Chemotherapy With or Without Bevacizumab in Treating Patients With Recurrent or Metastatic Head and Neck Squamous Cell Carcinoma

A Phase III Randomized Trial of Chemotherapy With or Without Bevacizumab in Patients With Recurrent or Metastatic Head and Neck Cancer

Status
Active Not Recruiting
Phase
Phase 3
Study type
Interventional
Enrollment
403 (actual)
Sponsor
National Cancer Institute (NCI) · NIH
Sex
All
Age
18 Years
Healthy volunteers
Not accepted

Summary

This randomized phase III trial studies chemotherapy to see how well it works with or without bevacizumab in treating patients with head and neck squamous cell carcinoma that has come back (recurrent) or that has spread to other parts of the body (metastatic). Drugs used in chemotherapy, such as docetaxel, cisplatin, carboplatin, and fluorouracil, work in different ways to stop the growth of tumor cells, either by killing the cells, by stopping them from dividing, or by stopping them from spreading. Monoclonal antibodies, such as bevacizumab, may interfere with the ability of tumor cells to grow and spread. Bevacizumab may also make tumor cells more sensitive to chemotherapy and stop the growth of head and neck cancer by blocking blood flow to the tumor. It is not yet known whether combination chemotherapy is more effective when given with or without bevacizumab in treating patients with head and neck squamous cell carcinoma.

Detailed description

PRIMARY OBJECTIVES: I. To compare the overall survival of patients with recurrent or metastatic head and neck cancer treated with standard platinum-based chemotherapy with or without bevacizumab. SECONDARY OBJECTIVES: I. To assess toxicities with the addition of bevacizumab to each platinum-doublet (cisplatin/docetaxel, carboplatin/docetaxel, cisplatin/fluorouracil \[5-FU\], carboplatin/5-FU). II. To compare the objective response rates and the progression-free survival achieved with the above therapies. III. To collect blood samples before and after therapy for future correlative studies. IV. To collect tumor tissue samples available at baseline from prior diagnostic procedures for future correlative studies.

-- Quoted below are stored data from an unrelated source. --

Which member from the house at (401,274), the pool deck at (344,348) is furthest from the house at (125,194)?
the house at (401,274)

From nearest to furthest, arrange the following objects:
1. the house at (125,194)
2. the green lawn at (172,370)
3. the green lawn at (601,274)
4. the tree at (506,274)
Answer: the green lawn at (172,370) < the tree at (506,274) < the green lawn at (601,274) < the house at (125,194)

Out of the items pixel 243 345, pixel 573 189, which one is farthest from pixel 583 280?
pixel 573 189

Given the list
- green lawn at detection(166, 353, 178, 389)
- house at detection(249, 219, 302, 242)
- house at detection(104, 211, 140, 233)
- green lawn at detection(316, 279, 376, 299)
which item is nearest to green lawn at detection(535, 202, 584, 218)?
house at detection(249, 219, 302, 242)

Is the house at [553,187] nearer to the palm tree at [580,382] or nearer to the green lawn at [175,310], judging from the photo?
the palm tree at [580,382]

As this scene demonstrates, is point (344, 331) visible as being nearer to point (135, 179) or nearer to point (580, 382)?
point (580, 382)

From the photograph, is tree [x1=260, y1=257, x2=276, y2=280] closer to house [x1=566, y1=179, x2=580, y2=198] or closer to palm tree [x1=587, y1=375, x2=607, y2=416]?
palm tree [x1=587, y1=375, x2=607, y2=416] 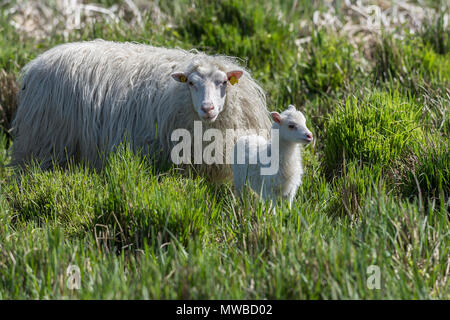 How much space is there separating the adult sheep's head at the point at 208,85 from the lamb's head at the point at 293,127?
1.55ft

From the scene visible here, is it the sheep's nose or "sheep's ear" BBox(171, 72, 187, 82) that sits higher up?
"sheep's ear" BBox(171, 72, 187, 82)

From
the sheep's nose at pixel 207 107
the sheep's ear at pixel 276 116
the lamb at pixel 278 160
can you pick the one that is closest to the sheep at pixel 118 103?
the sheep's nose at pixel 207 107

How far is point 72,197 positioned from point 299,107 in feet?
7.65

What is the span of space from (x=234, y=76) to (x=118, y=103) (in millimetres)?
974

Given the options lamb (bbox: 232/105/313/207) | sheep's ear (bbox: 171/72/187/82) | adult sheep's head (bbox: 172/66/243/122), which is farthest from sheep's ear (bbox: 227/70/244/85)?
lamb (bbox: 232/105/313/207)

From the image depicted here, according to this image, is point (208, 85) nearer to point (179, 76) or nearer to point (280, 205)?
point (179, 76)

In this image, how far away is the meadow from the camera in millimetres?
2807

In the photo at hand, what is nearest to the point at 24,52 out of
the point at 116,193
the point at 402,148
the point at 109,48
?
the point at 109,48

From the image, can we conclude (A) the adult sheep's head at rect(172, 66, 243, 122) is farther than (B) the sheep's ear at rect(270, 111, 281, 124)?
Yes

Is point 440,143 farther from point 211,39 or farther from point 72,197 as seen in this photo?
point 211,39

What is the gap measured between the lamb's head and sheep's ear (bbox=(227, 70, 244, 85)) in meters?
0.63

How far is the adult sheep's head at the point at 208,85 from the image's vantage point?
3.87 m

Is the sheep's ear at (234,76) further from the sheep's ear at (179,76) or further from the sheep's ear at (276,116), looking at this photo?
the sheep's ear at (276,116)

OUTLINE: After the physician decides which chemotherapy doublet to use, patients are randomized to 1 of 2 treatment arms for that chemotherapy combination. ARM IA: Patients receive chemotherapy comprising docetaxel intravenously (IV) over 1 hour and cisplatin IV over 1-2 hours on day 1. Courses repeat every 21 days in the absence of disease progression or unacceptable toxicity. ARM IB: Patients receive bevacizumab IV over 30-90 minutes on day 1 and docetaxel and cisplatin as in Arm IA. ARM IIA: Patients receive docetaxel IV over 1 hour and carboplatin IV over 30 minutes on day 1. Courses repeat every 21 days in the absence of disease progression or unacceptable toxicity. ARM IIB: Patients receive bevacizumab as in arm IB and docetaxel and carboplatin as in Arm IIA. ARM IIIA: Patients receive cisplatin IV over 1-2 hours on day 1 and fluorouracil IV continuously on days 1-4. Courses repeat every 21 days in the absence of disease progression or unacceptable toxicity. ARM IIIB: Patients receive bevacizumab as in Arm IB and cisplatin and fluorouracil as in Arm IIIA. ARM IVA: Patients receive carboplatin IV over 30 minutes on day 1 and fluorouracil IV continuously on days 1-4. Courses repeat every 21 days in the absence of disease progression or unacceptable toxicity. ARM IVB: Patients receive bevacizumab as in Arm IB and carboplatin and fluorouracil as in Arm IVA. After completion of study treatment, patients are followed up every 3 months for 2 years and then every 6 months for 3 years.

Conditions

Interventions

TypeNameDescription
BIOLOGICALBevacizumabGiven IV
DRUGCarboplatinGiven IV
DRUGCisplatinGiven IV
DRUGDocetaxelGiven IV
DRUGFluorouracilGiven IV
OTHERLaboratory Biomarker AnalysisCorrelative studies

Timeline

Start date
2008-08-08
Primary completion
2018-06-05
Completion
2026-02-22
First posted
2008-01-09
Last updated
2026-03-03
Results posted
2019-11-15

Locations

782 sites across 3 countries: United States, Puerto Rico, South Africa

Source: ClinicalTrials.gov record NCT00588770. Inclusion in this directory is not an endorsement.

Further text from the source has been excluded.